Уже полторы недели, как мы в дороге. Дни тянутся серые, унылые, похожие один на другой. Когда мы ехали, когда слышался стук колес и я, сидя у окна, смотрела на мелькавшие перед моими глазами кусты, дома, тогда приходили светлые мысли, как мечты крылатые, ясные: я видела Владивосток, а там широкий морской простор, горячее солнце, зовущее к жизни, красивые страны и, наконец, Литва – цель нашей дороги. Там давно уже ждет отец своих любимых сыновей (моего мужа и его брата), до сих пор не зная, живы ли они. В эти минуты все казалось легко исполнимым, казалось, что скоро мы будем во Владивостоке. Когда же поезд останавливался и стоял целыми днями, то тогда охватывала нас такая тоска, что хотелось бежать куда-нибудь, скрыться от этой непрошеной гостьи. А останавливался наш поезд не только на станциях, иногда на целую неделю стоял в поле, где не было ни капли воды. Носили снег и варили чай. День начинался с раннего чая, который должен быть сварен ночным дежурным вагона. Обязанности такого дежурного сводились к тому, что он всю ночь поддерживал огонь в железной печке и не пускал никого в вагон. Я любила дежурить, так как только тогда было просторно в вагоне. Можно было мыться, стирать белье. С непривычки пухли руки и слезала кожа, но нужно было научиться все делать самой. Может быть, и нас ждет советская школа жизни. Столовались мы с Малиневскими. Обед обыкновенно готовила мать Малиневского. Обеды были ее гордостью: действительно, таких вкусных щей и борща я никогда нигде не ела. Но нельзя было допустить, чтобы все время готовила добрая старушка, так как печка находилась против дверей, и варившая обед легко могла простудиться.

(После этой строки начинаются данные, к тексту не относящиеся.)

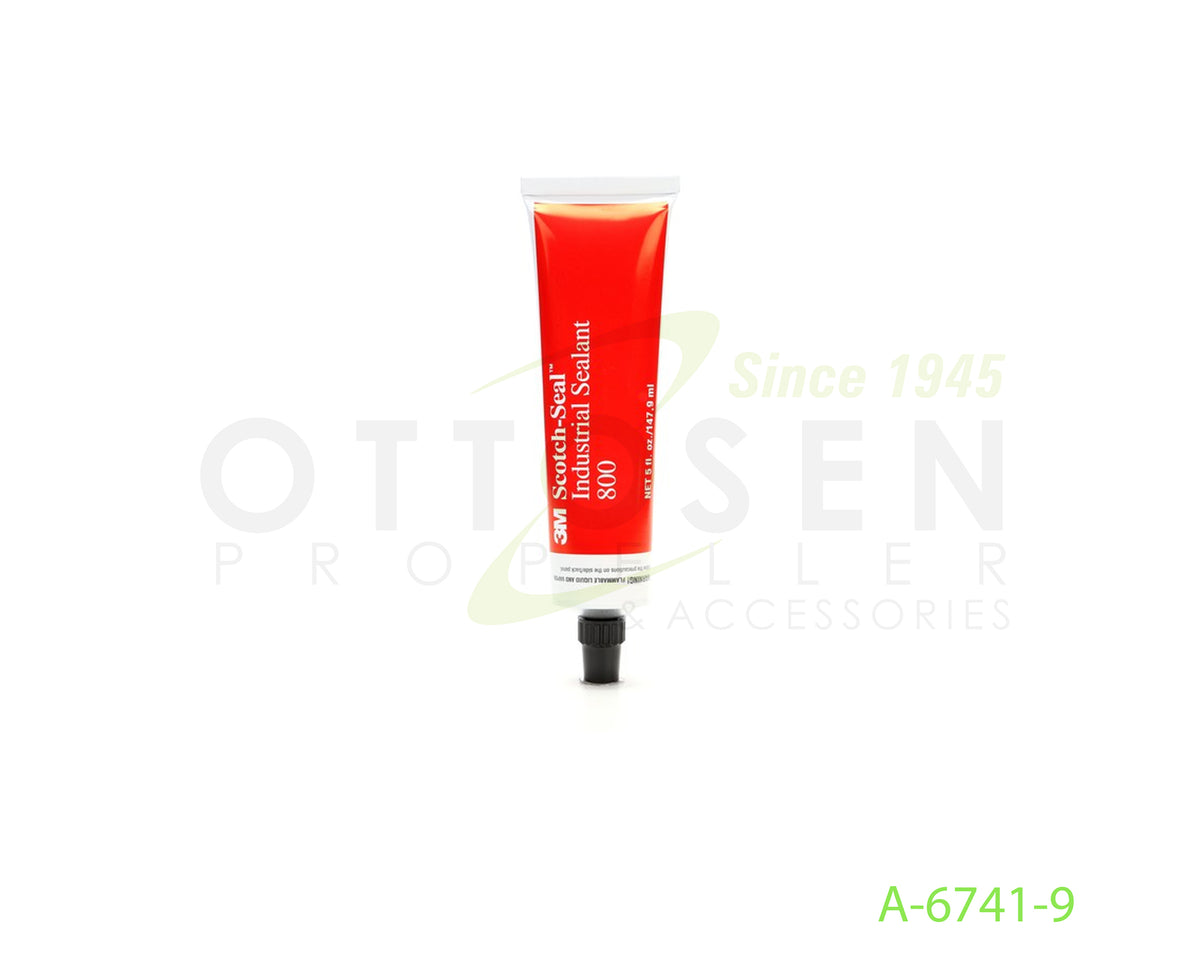 A-6741-9-HARTZELL-PROPELLER-INDUSTRIAL-SEALANT-5-OZ-PICTURE-1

Решено было готовить по очереди. В первый же день моего дежурства старушка Малиневская объявила голодовку, объясняя нам свой поступок тем, что, вероятно, ее обеды никому не нравятся, и потому мы отстранили ее от ежедневного дежурства на кухне. Нам едва удалось успокоить и убедить старушку, что совсем иные причины побудили отказаться от ее вкусных обедов. Весь вагон любил старушку, и нас забавляло ее постоянное, но добродушное ворчание, на которое никто никогда не обращал внимания. В этом ворчании было все: нарекание на капусту, что долго варится, а все, наверное, голодные, бедный де Дюнэк (ее сын), наверное, падает в обморок и то, что Ляля сама кормит ребенка, а не дает ему хлеба и супу, и поезд стоит, и погода плохая и т. д. Но стоило кому-нибудь из нас сказать, что обед вкусный, как у старушки являлось великолепное настроение. Ей всегда казалось, что Ляля недостаточно внимательна к мужу и что Дюнэк плохо выглядит и голоден. А в действительности каждый бы позавидовал настроению Малиневского.

Дни шли за днями. Мы безнадежно стояли в поле. Женщины занимались домашним хозяйством, то есть пекли булки в железной печке, стирали, починяли белье, варили, жарили, а мужчины рубили дрова, носили воду; если же поблизости не было воды, а надо было для паровоза, то носили снег мешками и сыпали в тендер. Это была мучительная работа: много, много мешков со снегом уходило в эту черную пропасть. Когда же снег стаивал, оказалось, что где-то на дне тендера лишь немного воды.